To this day, Ryan continues to carry on several proud bro traditions. First of all, he goes to the gym wearing a backwards baseball cap, probably because he is vain about his hair (another bro trait). We know Paul Ryan goes to the gym because Paul Ryan once famously consented to having photos taken of himself in gym clothes, posing with an adequately bro-sized weight, with a baseball cap on his head. Paul Ryan does P90x, bro. Paul Ryan worked as a fitness trainer when he was in college. Fuck yeah, bro.

While he is almost certainly in better shape than 90% of Americans, Ryan has still famously felt the need to exaggerate his athletic prowess. In 2012, he told a radio host that his “best” marathon time clocked in at around 3 hours. Turns out, Paul Ryan had only ever run a single marathon, and it took him 4 hours and 1 minute to complete. When confronted with his fib, he tried to pass it off like his marathon time had simply slipped his mind. This is unequivocally the best Paul Ryan fact, and among the most bro things a grown man can do.

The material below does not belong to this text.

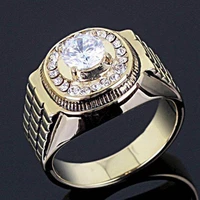 hot sale micro pave zircon iced out rhinestone crystal geometric watch ring filled rings for men jewelry whole sale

Like many of his bro-theren, Paul Ryan hates both appearing to work hard and losing. Ryan, like many bros, loves Ronald Reagan. His appearance in a 2013 documentary about Mitt Romney’s ill-fated 2012 Presidential campaign, to borrow a phrase from my coworker Anna Merlan, “bleeds with effort” and a palpable desire to be seen as chill and laid back. Above all, bros desire to appear chill to other bros.

Things, obviously, didn’t pan out for Romney/Ryan, but that didn’t damage Ryan’s relationship with his old almost-boss. Here, look: they have their own hashtag.


Paul Ryan explaining this photo to one of his bros: “This is me and [Borat voice] mah wiiife.”


So, a hearty and Will Ferrel film quote-heavy congratulations (“That escalated quickly!”) to Paul Ryan as he now celebrates the most vaunted bro tradition of all: being handed a job for which he is unqualified and unprepared. Fuck yeah, dude!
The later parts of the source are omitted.